TASK BRIEF ->
A faithful, word-for-word copy of the data below is required, without pictures.

INFORMATION SHOWN ->
*** Block opens ***

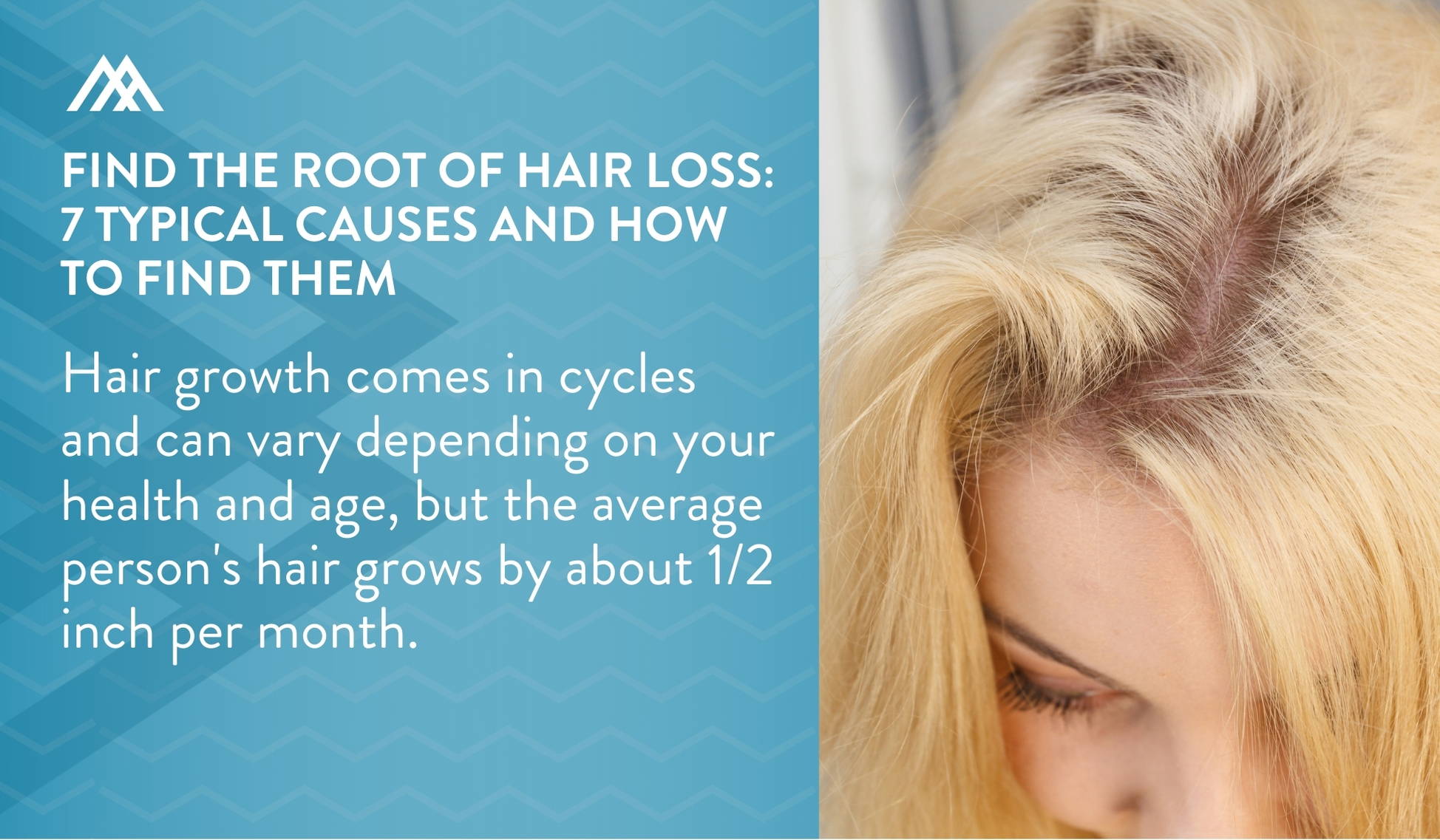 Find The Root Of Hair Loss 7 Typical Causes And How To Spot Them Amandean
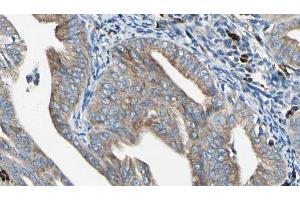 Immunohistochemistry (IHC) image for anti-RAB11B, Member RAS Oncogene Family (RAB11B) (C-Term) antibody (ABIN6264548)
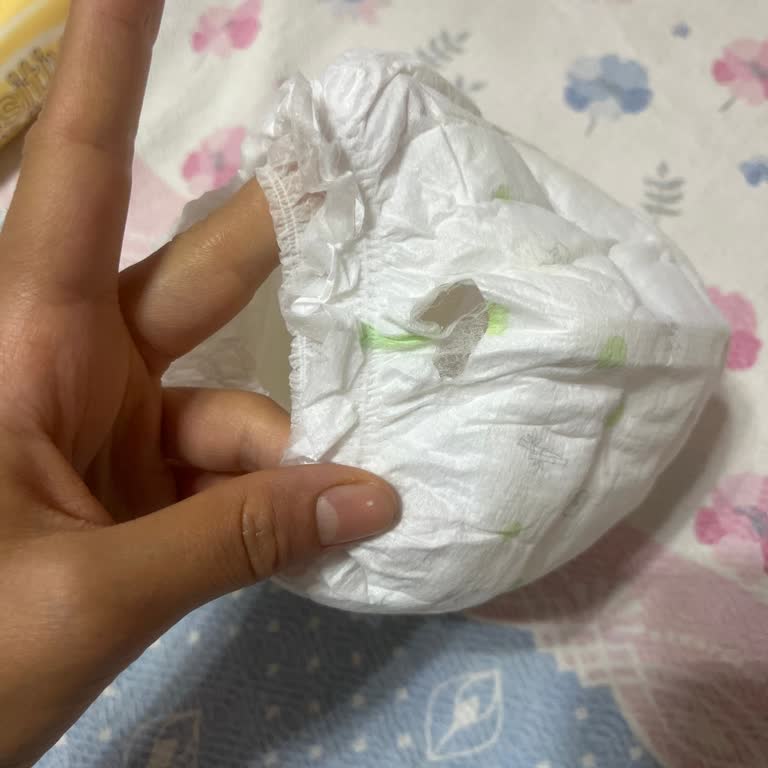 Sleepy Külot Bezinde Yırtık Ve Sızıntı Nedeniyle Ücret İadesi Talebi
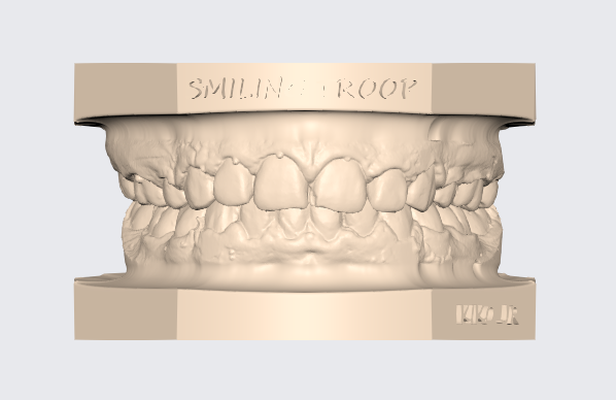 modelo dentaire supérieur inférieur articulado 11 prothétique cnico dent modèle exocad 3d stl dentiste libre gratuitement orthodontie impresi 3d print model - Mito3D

*** Block closes ***

ANSWER BOX ->
 Find The Root Of Hair Loss 7 Typical Causes And How To Spot Them Amandean
 Immunohistochemistry (IHC) image for anti-RAB11B, Member RAS Oncogene Family (RAB11B) (C-Term) antibody (ABIN6264548)
 Sleepy Külot Bezinde Yırtık Ve Sızıntı Nedeniyle Ücret İadesi Talebi
 modelo dentaire supérieur inférieur articulado 11 prothétique cnico dent modèle exocad 3d stl dentiste libre gratuitement orthodontie impresi 3d print model - Mito3D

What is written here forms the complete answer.